"Шаг влево, шаг вправо..." - страница 7
Трудармия просуществовала в основном до 1947 года, режим спецпоселения — по 1955 год. За все эти годы у советских немцев не было ни одной газеты (до войны только в автономной республике выходила 21 газета), не вышло ни одной книжки (до войны только за три года было издано 555). Практически единственной книгой, которая оставалась в народе, была Библия — книга, священная не только утешительной, поддерживающей религией, не только списком дорогих имен (Библия была как правило фамильной книгой, в нее вписывались из поколения в поколение имена, даты рождения, крещения, конфирмации и смерти всех предков); эта книга была священна, может быть, всего больше потому, что была единственной книгой на родном языке. Мог ли догадываться неистовый и вдохновенный Мартин Лютер, совершая свой нечеловеческий подвиг по переводу Библии, какое поистине материальное значение будет иметь каждое, им из гущи народной взятое, пылающее ее слово через века, в неведомой ему далекой Сибири?..
Осталась позади война, минула и спецкомендатура. Советская немецкая литература по-прежнему не подавала признаков жизни. Да и как ей, после таких потерь, было подавать их? А потери были катастрофические. Только один из советских немецких писателей погиб непосредственно на войне — Христиан Эльберг, павший в рядах народного ополчения в 1942 году под Москвой. Остальных, лишенных права сражаться с врагом, ждала иная участь.
Не вернулись из трудармии и не дожили до отмены унизительного спецнадзора Франц Бах (похоронен на одной из сопок в Горной Шории в мае 1942 года), Герхард Завацкий (умер в 1944 году в Соликамске); в 1944 же году не стало Ганса Гансмана (Иоганнеса Келлермана) и Фридеберта Фондиса; в 1951 году — Германа Бахмана; в 1953 закатилась некогда яркая звезда Августа Лонзингера — сеятеля доброго, разумного, вечного, вынужденного замолчать еще в тридцатые годы; в 1954 году умер в Магадане Давид Шелленберг. Еще долгие годы после войны были в тюрьмах, лагерях и ссылках Рейнгардт Кёльн, Эрнст Кончак, Нора Пфеффер. (Собственно, в ссылке был весь советский немецкий народ). В Сибири ученый-лингвист с мировым именем, специалист по немецким диалектам, Андреас Дульзон переключился на изучение языка кетов — маленькой сибирской народности, получив позже за свое исследование Государственную премию.
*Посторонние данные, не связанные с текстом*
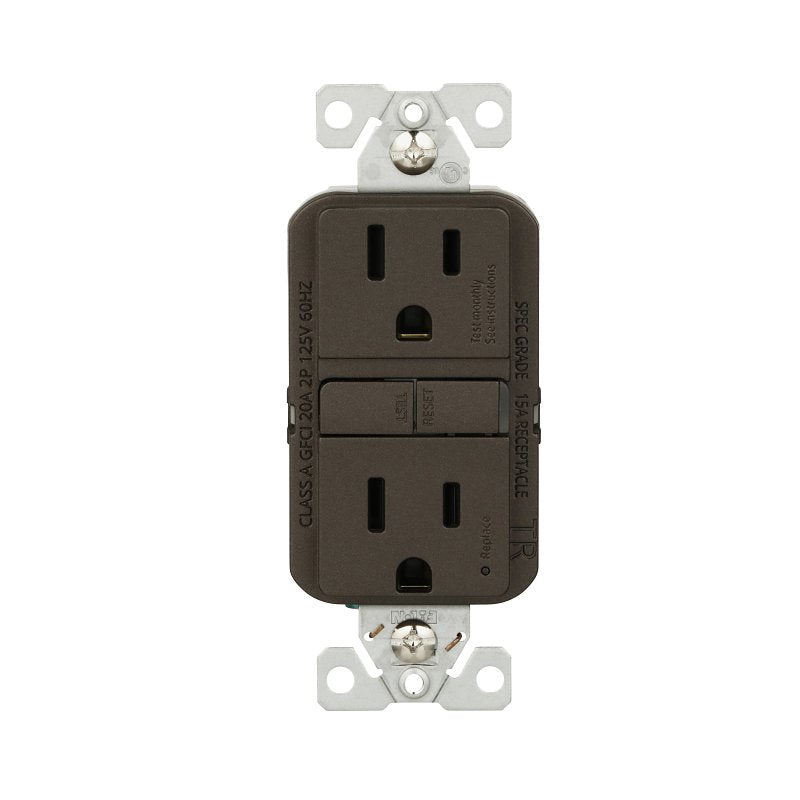 Eaton TRGF15RB-BX-L Self-Test GFCI Receptacle, 125 V, 15 A, NEMA: NEMA 5-15R, Back, Side Wiring, Oil-Rubbed Bronze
В 1955 не стало другого писателя и ученого с мировым именем, Франца Шиллера.
Мало кто остался в живых из целого эшелона с интеллигенцией республики немцев Поволжья, более 500 человек, привезенной в начале войны в Восточную Сибирь и направленной там на лесоповал в тайгу (Франц Бах, бывший именно в этом эшелоне, выдержал всего несколько месяцев).>[6] И куда-то исчезло перед окончанием войны из трудармейских лагерей партийное и советское руководство автономной республики.
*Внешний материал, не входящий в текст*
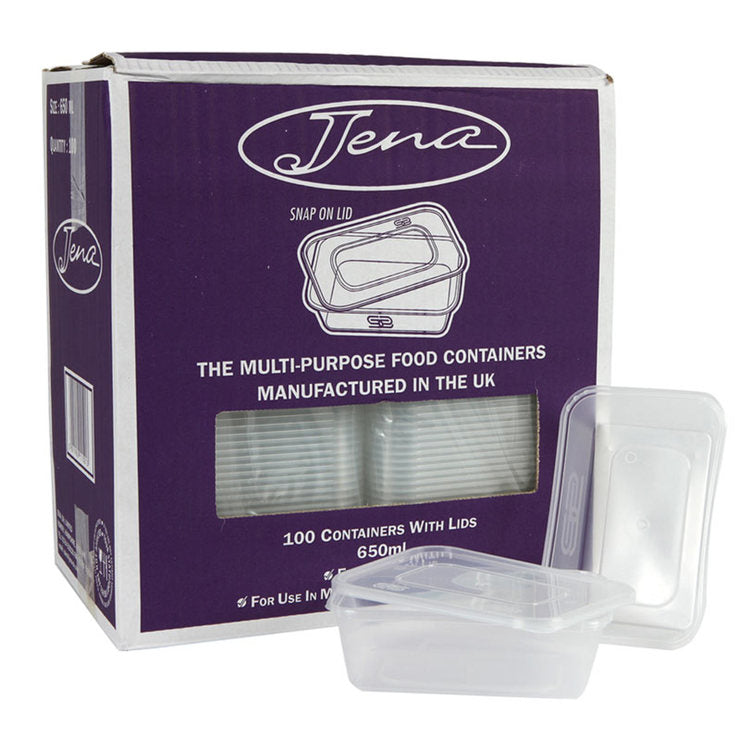 Jena Plastic Take Away Containers, 100 x 650ml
И если отметить также, что тысячи и тысячи советских немцев умерли еще во время выселения, по дороге в Сибирь и Казахстан; сотни тысяч погибли от голода и непосильной работы в результате сталинского геноцида в трудармии; десятки тысяч малолетних детей и стариков, оставшихся на произвол судьбы, без средств к существованию, без теплой одежды, без знания языка окружающего населения после мобилизации в трудармию всех мужчин и женщин трудоспособного возраста (женщины от 16 лет, мужчины — от 15) погибли в первые же зимы (см. воспоминания о том времени Фридриха Сиптица "А в сердце была Москва">[7] и профессора Давида Пеннера "Прокопьевск, трудармия">[8]) и если не забывать, что несколько сот тысяч немцев Украины попало под оккупацию, при отступлении гитлеровцев было вывезено в Германию и многие из них оказались после войны в западных зонах оккупации, откуда часть уехала затем в Северную и Южную Америку и Австралию; и если помнить, что все советские немцы в СССР после войны оказались так разбросаны от Магадана до Урала, что по сей день разыскивают друг друга — то можно, наверное, достаточно полно представить себе и состояние народа, и его моральный дух, и его проблемы, и — положение его литературы.
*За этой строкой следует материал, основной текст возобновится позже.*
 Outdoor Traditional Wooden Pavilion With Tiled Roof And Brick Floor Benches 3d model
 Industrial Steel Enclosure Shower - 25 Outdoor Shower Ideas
Если мы справедливо говорим сегодня, что репрессии 30-х — 40-х годов сказываются на советском народе до сих пор, особенно на старших поколениях, многие представители которых познали, что такое тюрьма или лагерь, то что говорить о советских немцах — народе, который весь, целиком, практически без единого исключения был репрессирован, перенес и тюрьмы, и трудармейские лагеря (где иногда специально люди совершали "преступления", чтобы попасть в лагеря заключенных — там было всё же легче, чем в трудармии), и вдобавок еще двадцать лет после войны не имел права возвращаться в места, откуда был выселен, и… Да разве всё перечислишь? Да разве всё передашь?